Update: The law became effective on March 17, 2017.

The Act

On February 15, 2017, D.C. Mayor Muriel Bowser signed B21-0244 (now known as A21-0673), “The Fair Credit in Employment Amendment Act of 2016” (the “Act”), amending the D.C. Human Rights Act of 1977 to prohibit employers, including employment agencies and labor organizations, from taking discriminatory action against prospective and current employees based on their credit information (defined as “any written, oral, or other communication of information bearing on an employee’s creditworthiness, credit standing, credit capacity, or credit history”). Specifically, employers are prohibited from directly or indirectly requiring, requesting, suggesting, or causing any employee to submit credit information and from using, accepting, referring to or inquiring into credit information unless the particular position is exempt from the law’s prohibitions.

Exemptions

Employers are permitted to inquire into an applicant’s or employee’s credit history is permitted if the position falls under one of the following exemptions:

  • The employer is otherwise required by D.C. law to require, request, suggest or cause the employee to submit credit information, or use, accept, refer to or inquire into an employee’s credit information;
  • The employee is applying for a position as or is employed as a police officer, as a special police office or campus police officer, or in a position with law enforcement function;
  • For employees within the Office of the Chief Financial Officer of D.C.;
  • The employee is required to possess a security clearance under D.C. law:
  • For disclosures by D.C. government employees of their credit information to the Board of Ethics and Government Accountability or the Office of the Inspector General, or the agencies’ use of such disclosures;
  • For financial institutions, where the position involves access to personal financial information. Financial institutions are defined as “a bank, savings institution, credit union, foreign bank, trust company, non-depository financial institution, or any other person which is regulated, supervised, examined, or licensed [or which has applied to be regulated, supervised, examined, or licensed] by the Department of Insurance, Securities, and Banking; . . . which is subject to the regulation, supervision, examination, or licensure by the Department of Insurance, Securities, and Banking; or which is engaged in an activity covered by the D.C. Banking Code;” or
  • Where an employer requests or receives credit information pursuant to lawful subpoena, court order or law enforcement investigation.

Potential Damages

The D.C. Office of Human Rights will investigate charges of violations of the Act. An employer who is found to have violated the law may be subject to fines ranging from $1,000 to $5,000. Specifically, employers will face a $1,000 fine for the first violation, a $2,500 fine for the second violation, and a $5,000 for each violation thereafter. Most significantly, individuals also will have a private right of action for violations of the Act, just as they would for any other unlawful discriminatory employment practice under the D.C. Human Rights Act.

Employer Outlook

D.C. employers should review their practices to ensure compliance with the new requirements, including that their employment practices do not directly or indirectly request credit information unless an exemption is met.

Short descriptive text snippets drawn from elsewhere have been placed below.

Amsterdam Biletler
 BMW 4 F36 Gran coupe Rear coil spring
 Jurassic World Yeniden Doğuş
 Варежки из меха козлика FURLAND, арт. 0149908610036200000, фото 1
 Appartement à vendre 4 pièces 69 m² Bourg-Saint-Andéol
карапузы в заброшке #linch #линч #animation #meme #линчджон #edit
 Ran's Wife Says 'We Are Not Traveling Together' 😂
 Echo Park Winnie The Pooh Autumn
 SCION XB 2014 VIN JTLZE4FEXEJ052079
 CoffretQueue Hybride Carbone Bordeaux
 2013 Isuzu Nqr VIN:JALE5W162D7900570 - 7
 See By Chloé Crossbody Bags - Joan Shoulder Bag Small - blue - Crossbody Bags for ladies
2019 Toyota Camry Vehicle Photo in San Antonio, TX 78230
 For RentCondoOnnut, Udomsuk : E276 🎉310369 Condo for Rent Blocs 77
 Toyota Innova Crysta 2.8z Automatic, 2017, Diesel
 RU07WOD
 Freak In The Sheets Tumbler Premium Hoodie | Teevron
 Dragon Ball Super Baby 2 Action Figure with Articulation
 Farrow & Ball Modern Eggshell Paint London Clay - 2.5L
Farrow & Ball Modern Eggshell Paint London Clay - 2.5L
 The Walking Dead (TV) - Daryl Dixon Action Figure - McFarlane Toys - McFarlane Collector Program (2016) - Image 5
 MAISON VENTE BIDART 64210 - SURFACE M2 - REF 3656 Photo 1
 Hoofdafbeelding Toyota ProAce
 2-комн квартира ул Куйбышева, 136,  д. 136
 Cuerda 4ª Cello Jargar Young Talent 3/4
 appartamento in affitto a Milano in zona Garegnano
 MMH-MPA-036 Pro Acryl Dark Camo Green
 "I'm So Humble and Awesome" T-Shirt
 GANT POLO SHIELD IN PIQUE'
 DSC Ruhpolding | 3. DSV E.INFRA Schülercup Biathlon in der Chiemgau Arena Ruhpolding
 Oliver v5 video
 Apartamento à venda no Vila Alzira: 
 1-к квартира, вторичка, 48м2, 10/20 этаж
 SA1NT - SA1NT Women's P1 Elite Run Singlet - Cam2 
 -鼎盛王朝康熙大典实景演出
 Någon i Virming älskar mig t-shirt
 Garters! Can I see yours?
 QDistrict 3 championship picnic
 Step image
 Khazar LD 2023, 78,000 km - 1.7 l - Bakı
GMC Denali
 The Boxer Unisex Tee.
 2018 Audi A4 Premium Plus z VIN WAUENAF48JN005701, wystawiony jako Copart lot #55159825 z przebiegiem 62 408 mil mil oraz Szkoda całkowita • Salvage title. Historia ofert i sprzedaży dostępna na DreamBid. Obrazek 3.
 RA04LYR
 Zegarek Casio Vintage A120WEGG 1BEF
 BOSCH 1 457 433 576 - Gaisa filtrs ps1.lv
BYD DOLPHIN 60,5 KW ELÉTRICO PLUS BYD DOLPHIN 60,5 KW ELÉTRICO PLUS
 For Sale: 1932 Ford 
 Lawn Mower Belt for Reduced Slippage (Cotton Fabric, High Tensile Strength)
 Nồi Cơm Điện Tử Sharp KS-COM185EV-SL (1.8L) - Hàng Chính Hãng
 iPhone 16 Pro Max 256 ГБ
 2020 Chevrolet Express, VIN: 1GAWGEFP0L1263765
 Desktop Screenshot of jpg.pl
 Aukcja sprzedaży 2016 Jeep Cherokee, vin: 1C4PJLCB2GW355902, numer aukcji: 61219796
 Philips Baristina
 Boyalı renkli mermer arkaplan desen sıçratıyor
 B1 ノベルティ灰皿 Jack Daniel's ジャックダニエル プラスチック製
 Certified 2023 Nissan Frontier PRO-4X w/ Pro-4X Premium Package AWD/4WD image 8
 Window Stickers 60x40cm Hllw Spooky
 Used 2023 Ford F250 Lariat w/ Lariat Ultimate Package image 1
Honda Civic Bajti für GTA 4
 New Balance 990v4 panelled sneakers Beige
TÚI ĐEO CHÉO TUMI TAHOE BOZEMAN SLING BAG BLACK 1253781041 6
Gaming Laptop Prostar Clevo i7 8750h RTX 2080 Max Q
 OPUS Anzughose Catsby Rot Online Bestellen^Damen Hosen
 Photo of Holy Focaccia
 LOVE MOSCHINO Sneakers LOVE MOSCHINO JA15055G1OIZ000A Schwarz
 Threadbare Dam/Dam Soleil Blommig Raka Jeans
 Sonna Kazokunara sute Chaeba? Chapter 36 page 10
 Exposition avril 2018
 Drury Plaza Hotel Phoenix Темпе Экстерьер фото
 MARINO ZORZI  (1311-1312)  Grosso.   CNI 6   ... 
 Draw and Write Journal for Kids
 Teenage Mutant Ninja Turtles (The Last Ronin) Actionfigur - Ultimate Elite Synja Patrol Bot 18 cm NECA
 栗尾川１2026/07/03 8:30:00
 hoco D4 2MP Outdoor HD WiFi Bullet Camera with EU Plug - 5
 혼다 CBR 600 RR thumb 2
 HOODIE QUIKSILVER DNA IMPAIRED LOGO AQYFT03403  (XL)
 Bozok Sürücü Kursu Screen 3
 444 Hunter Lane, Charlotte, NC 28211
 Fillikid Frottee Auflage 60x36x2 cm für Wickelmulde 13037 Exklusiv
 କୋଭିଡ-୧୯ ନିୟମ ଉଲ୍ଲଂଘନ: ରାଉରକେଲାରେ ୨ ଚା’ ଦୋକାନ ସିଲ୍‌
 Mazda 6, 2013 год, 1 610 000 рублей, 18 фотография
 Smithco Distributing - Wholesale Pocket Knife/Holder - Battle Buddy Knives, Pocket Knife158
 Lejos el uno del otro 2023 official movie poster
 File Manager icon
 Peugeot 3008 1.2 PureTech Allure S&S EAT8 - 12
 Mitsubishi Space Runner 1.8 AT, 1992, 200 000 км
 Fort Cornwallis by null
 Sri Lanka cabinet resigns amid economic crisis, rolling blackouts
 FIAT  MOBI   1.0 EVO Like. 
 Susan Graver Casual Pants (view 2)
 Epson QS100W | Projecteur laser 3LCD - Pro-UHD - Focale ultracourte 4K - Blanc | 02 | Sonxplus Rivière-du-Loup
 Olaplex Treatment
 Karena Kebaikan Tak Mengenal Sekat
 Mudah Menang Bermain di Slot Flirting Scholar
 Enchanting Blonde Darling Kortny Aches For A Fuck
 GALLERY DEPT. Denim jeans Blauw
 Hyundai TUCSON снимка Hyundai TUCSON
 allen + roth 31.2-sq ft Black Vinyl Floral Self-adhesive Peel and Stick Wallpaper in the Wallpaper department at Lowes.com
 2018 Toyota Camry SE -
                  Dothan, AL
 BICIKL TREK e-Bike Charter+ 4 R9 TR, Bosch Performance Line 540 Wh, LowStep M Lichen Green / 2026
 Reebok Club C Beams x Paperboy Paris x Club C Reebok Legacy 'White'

Employers who seek credit information for positions that fall into one of the exemptions to the Act should also review the new requirements for compliance and additional process guidance. Additionally, employers should review their applications and other employment-related documents to ensure that there are no references to the procurement or use of credit information. Employers in multi-state jurisdictions should ensure compliance both with this Act and with the laws of other applicable jurisdictions that regulate employers’ use of credit information.